(Stored data entries)

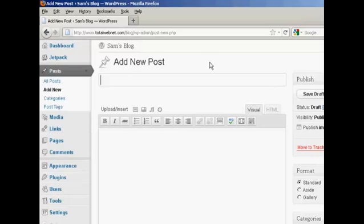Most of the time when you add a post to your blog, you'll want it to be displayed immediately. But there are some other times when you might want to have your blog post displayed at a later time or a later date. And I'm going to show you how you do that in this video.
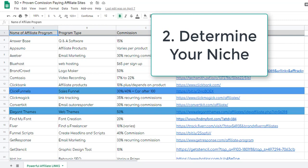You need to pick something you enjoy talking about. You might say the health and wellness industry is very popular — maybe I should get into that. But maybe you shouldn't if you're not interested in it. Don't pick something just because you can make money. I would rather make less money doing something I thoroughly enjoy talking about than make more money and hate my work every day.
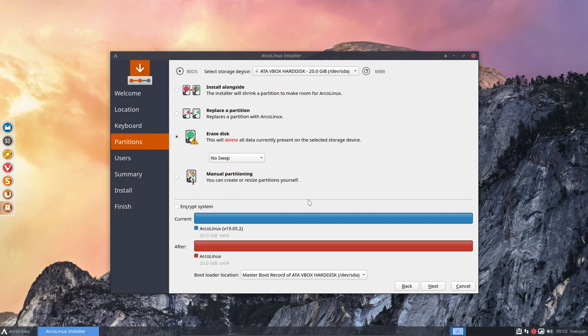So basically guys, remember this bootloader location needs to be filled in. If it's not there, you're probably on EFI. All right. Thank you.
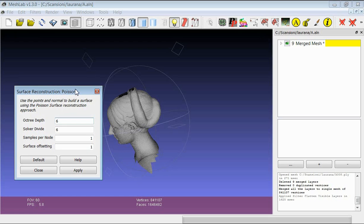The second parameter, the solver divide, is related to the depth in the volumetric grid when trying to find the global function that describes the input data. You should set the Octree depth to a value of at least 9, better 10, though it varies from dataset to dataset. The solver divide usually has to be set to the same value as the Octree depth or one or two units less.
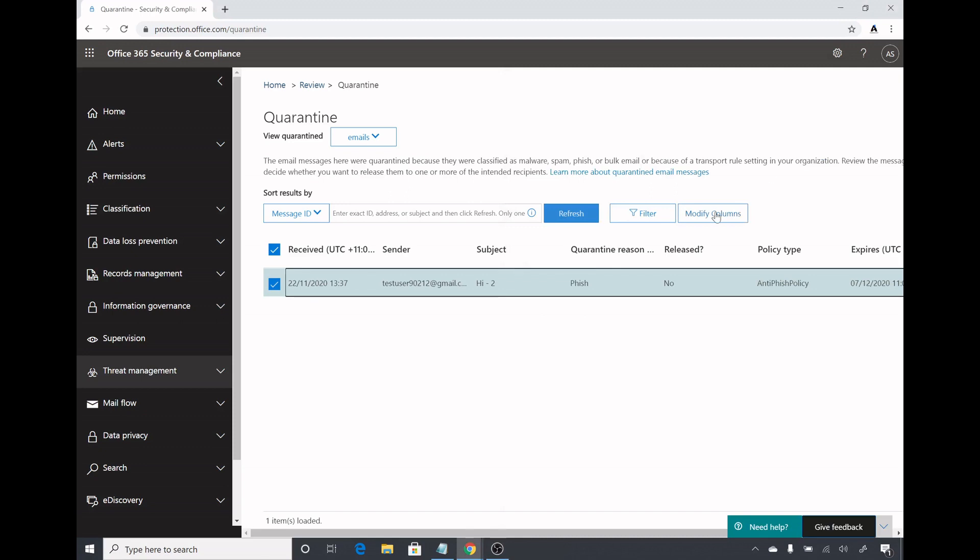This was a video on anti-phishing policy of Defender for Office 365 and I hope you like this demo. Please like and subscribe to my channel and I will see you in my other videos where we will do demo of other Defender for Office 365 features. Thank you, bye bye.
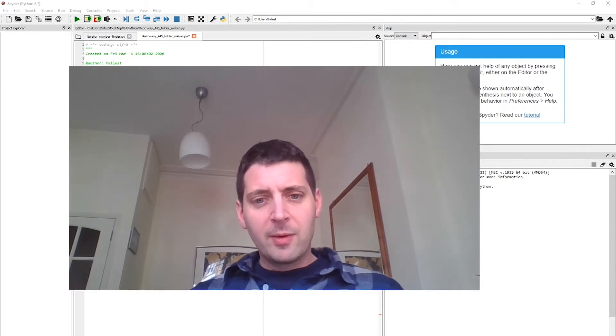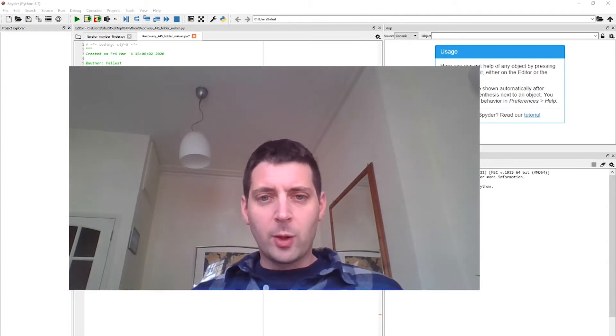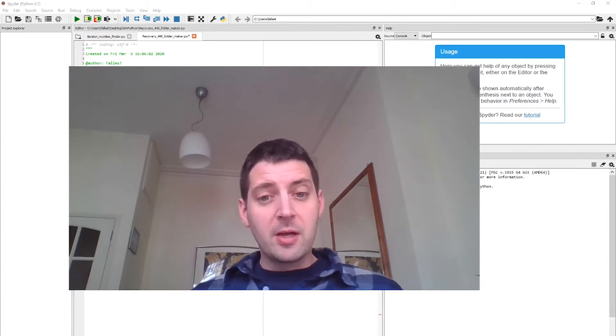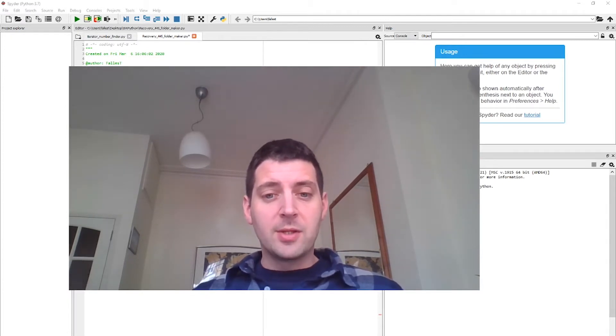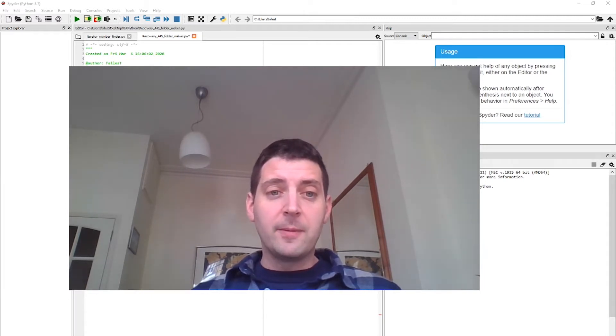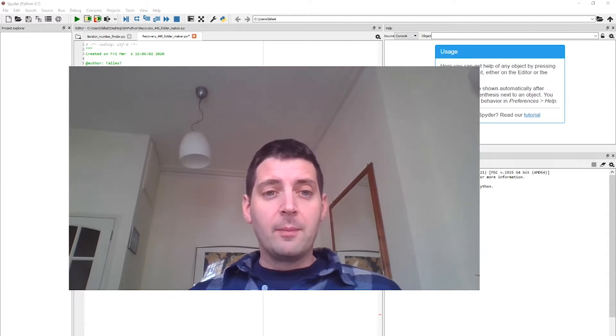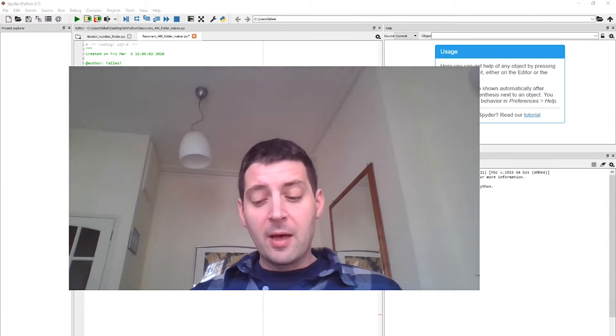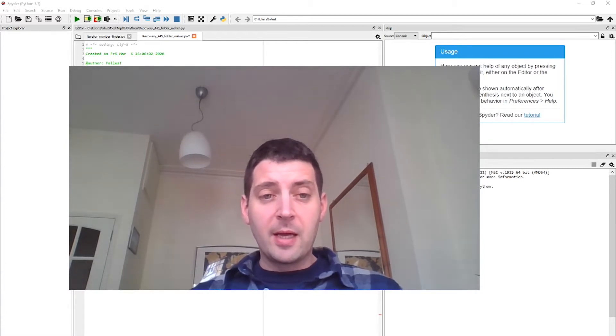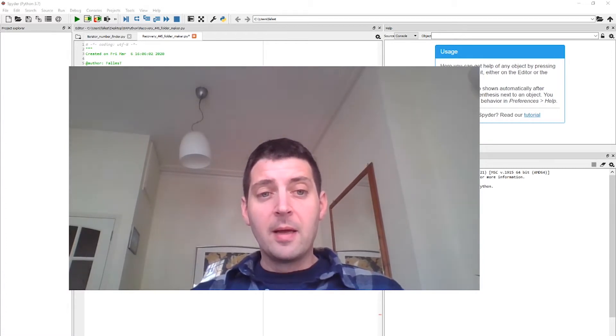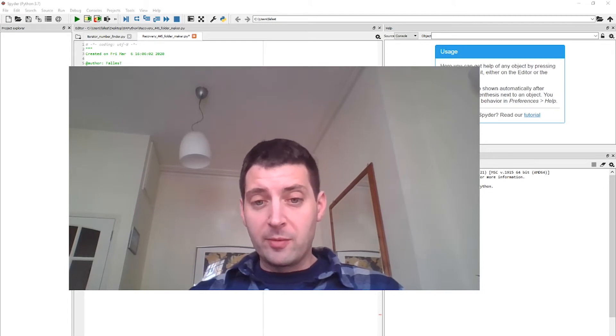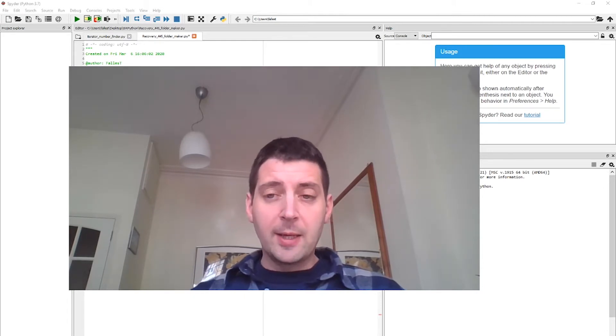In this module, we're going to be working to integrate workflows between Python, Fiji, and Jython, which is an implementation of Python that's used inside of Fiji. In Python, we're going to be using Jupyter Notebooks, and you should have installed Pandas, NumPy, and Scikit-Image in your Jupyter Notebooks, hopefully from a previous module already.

WHAT IS BEING ASKED: The task calls for every record to be transcribed exactly, with no images included.

THE ANSWER:
Most of the time when you add a post to your blog, you'll want it to be displayed immediately. But there are some other times when you might want to have your blog post displayed at a later time or a later date. And I'm going to show you how you do that in this video.
You need to pick something you enjoy talking about. You might say the health and wellness industry is very popular — maybe I should get into that. But maybe you shouldn't if you're not interested in it. Don't pick something just because you can make money. I would rather make less money doing something I thoroughly enjoy talking about than make more money and hate my work every day.
So basically guys, remember this bootloader location needs to be filled in. If it's not there, you're probably on EFI. All right. Thank you.
The second parameter, the solver divide, is related to the depth in the volumetric grid when trying to find the global function that describes the input data. You should set the Octree depth to a value of at least 9, better 10, though it varies from dataset to dataset. The solver divide usually has to be set to the same value as the Octree depth or one or two units less.
This was a video on anti-phishing policy of Defender for Office 365 and I hope you like this demo. Please like and subscribe to my channel and I will see you in my other videos where we will do demo of other Defender for Office 365 features. Thank you, bye bye.
In this module, we're going to be working to integrate workflows between Python, Fiji, and Jython, which is an implementation of Python that's used inside of Fiji. In Python, we're going to be using Jupyter Notebooks, and you should have installed Pandas, NumPy, and Scikit-Image in your Jupyter Notebooks, hopefully from a previous module already.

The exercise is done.